Scorpio Holdings and Ms. Lolli-Ghetti may be deemed the beneficial owners of 0 Common Shares, representing approximately 0% of the Issuer’s outstanding Common Shares. Scorpio Holdings and Ms. Lolli-Ghetti have the shared power to vote and dispose of these Common Shares.
 
SSH may be deemed the beneficial owner of 0 Common Shares, representing approximately 0% of the Issuer’s outstanding Common Shares. SSH, Scorpio Holdings and Ms.
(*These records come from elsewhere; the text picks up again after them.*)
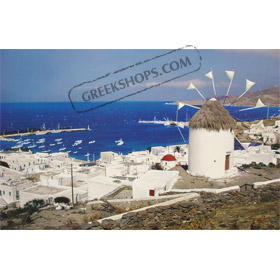 Poster of Mykonos Windmills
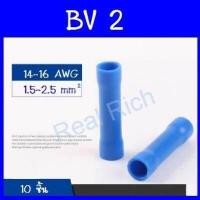 ราคา ข้อต่อสายไฟแบบย้ำหุ้ม สลิปหุ้มต่อสายไฟ 10 ชิ้น (2659770364)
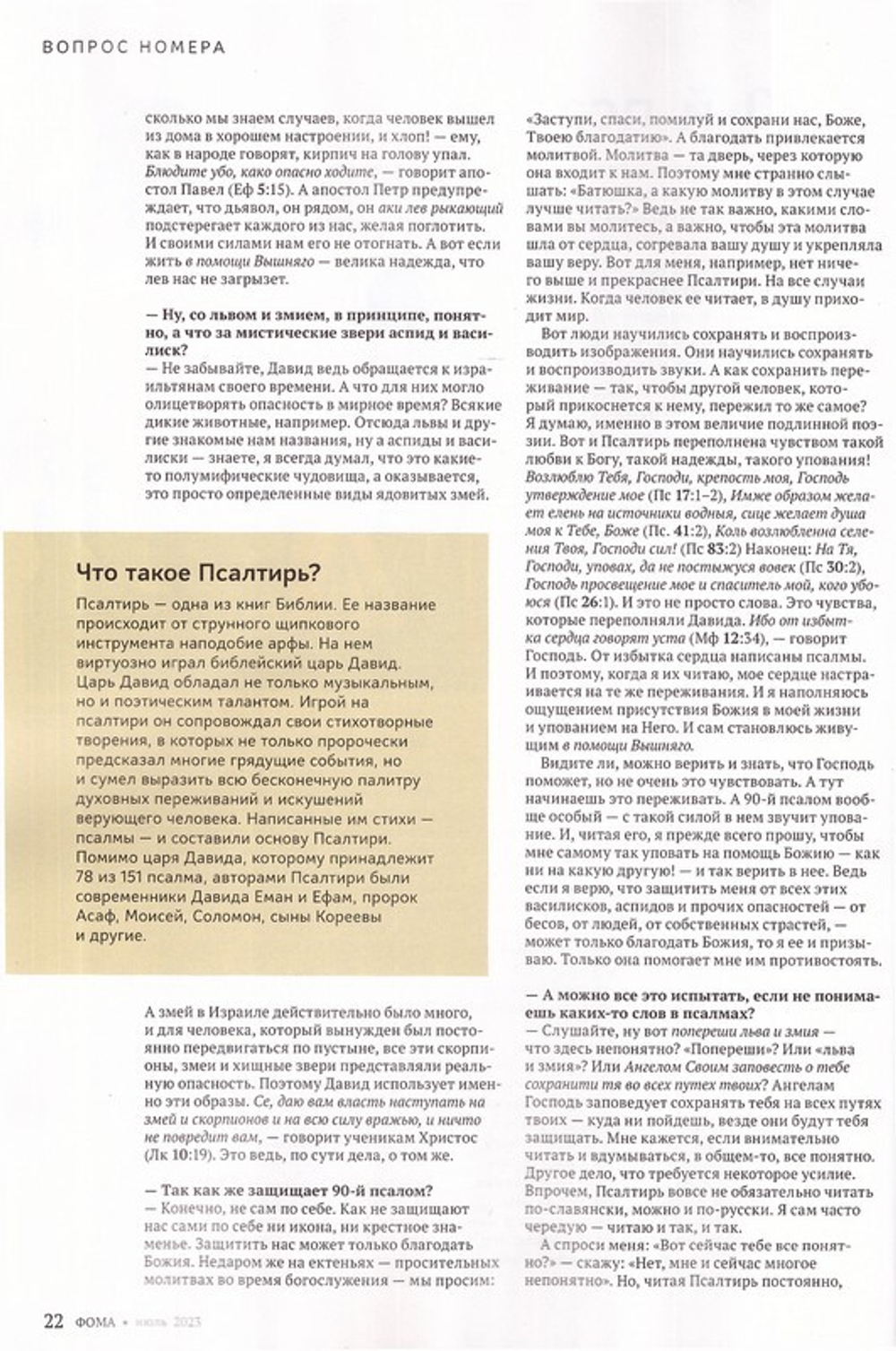 Журнал "Фома" №7 Июль 2023 г.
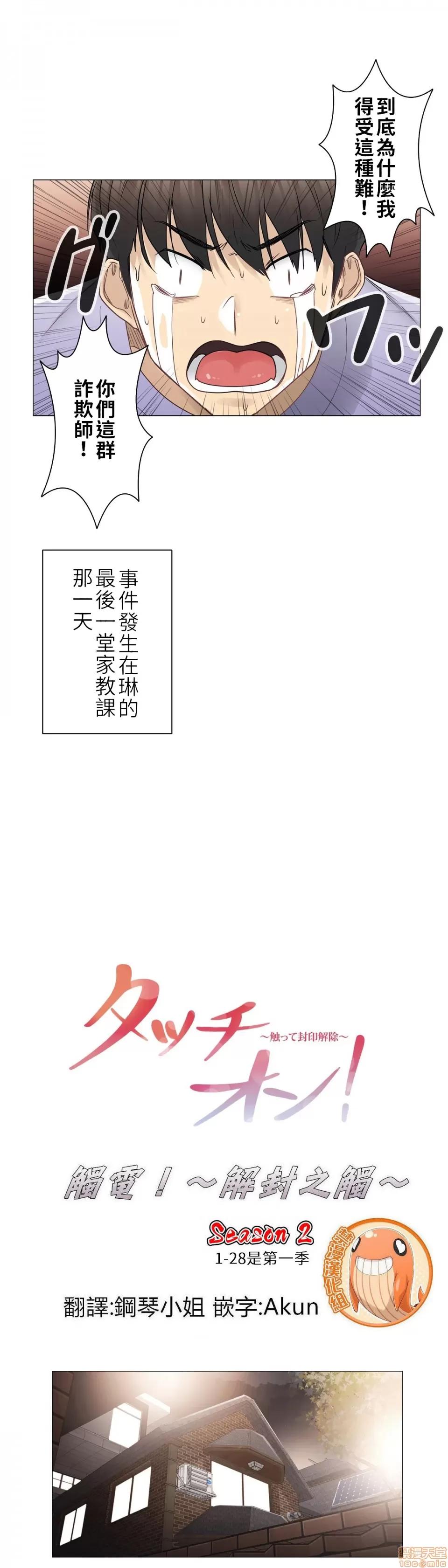 触电！～解封之触 触电 45 第6页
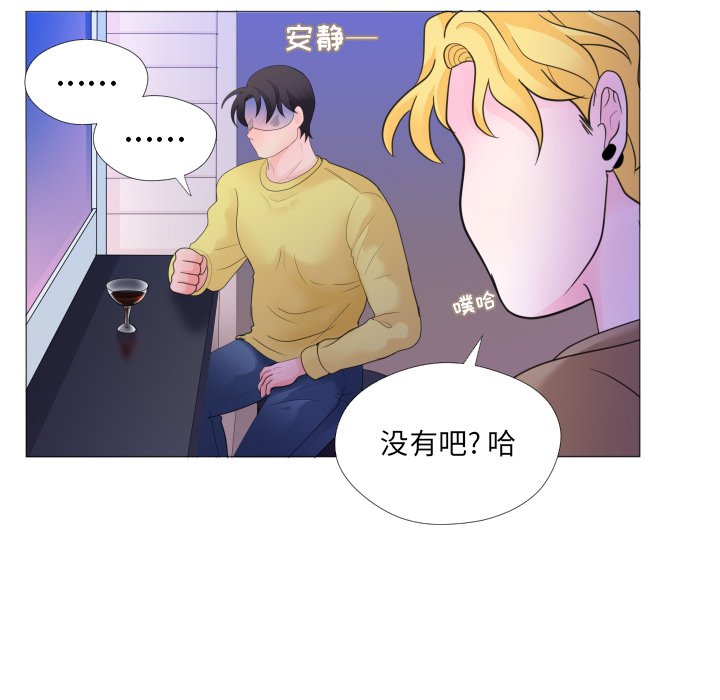 《迟来的真心》漫画最新章节第29话 29免费下拉式在线观看章节第【46】张图片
Lolli-Ghetti have the shared power to vote and dispose of these Common Shares.
 
As of the date of this filing, the Principals may be deemed to be the beneficial owners of an aggregate of 0 Common Shares, with the sole power to vote and dispose of the Common Shares that each Principal respectively owns.
 
 
(c)
To the best of the Reporting Persons’ knowledge, there have been no transactions in the Common Shares effected by the Reporting Persons during the past 60 days.
 
 
(d)
No other person is known to have the right to receive or the power to direct the receipt of dividends from, or the proceeds from the sale of, any of the Common Shares beneficially owned by the Reporting Persons or the Principals.
 
 
(e)
Not applicable.
 
 

 
 
Item 6.
Contracts, Arrangements, Understandings or Relationships with Respect to Securities of the Issuer.
 
 
 
 
The information in Item 4 of this Amendment is incorporated in this Item 6 by reference.
 
 
 
Item 7.
Material to be Filed as Exhibits.
 
 
 
Exhibit A: Business Combination Agreement (incorporated by reference to Exhibit 99.2 to the Issuer's Report on Form 6-K, filed with the SEC on June 16, 2023).
Exhibit B: Form of Tender and Support Agreement (incorporated by reference to Exhibit 99.3 to the Issuer's Report on Form 6-K, filed with the SEC on June 16, 2023).
 


SIGNATURE

After reasonable inquiry and to the best of my knowledge and belief, I certify that the information set forth in this statement is true, complete and correct.

Date: December 27, 2023
 
SCORPIO HOLDINGS LIMITED*
 
 
 
By:
/s/ Filippo Lauro
 
 
Name:
 Filippo Lauro
 
 
Title:
Director and Vice President
 
 
 
SCORPIO SERVICES HOLDING LIMITED*
 
 
 
By:
/s/ Filippo Lauro
 
 
Name:
 Filippo Lauro
 
 
Title:
Director and Vice President
 
 
 
ANNALISA LOLLI-GHETTI*
 
 
 
By:
/s/ Annalisa Lolli-Ghetti
 
 
Name:
 Annalisa Lolli-Ghetti

* The Reporting Persons specifically disclaims beneficial ownership of the securities reported herein except to the extent of their pecuniary interest therein.

Attention: Intentional misstatements or omissions of fact constitute Federal criminal violations (see 18 U.S.C. 1001).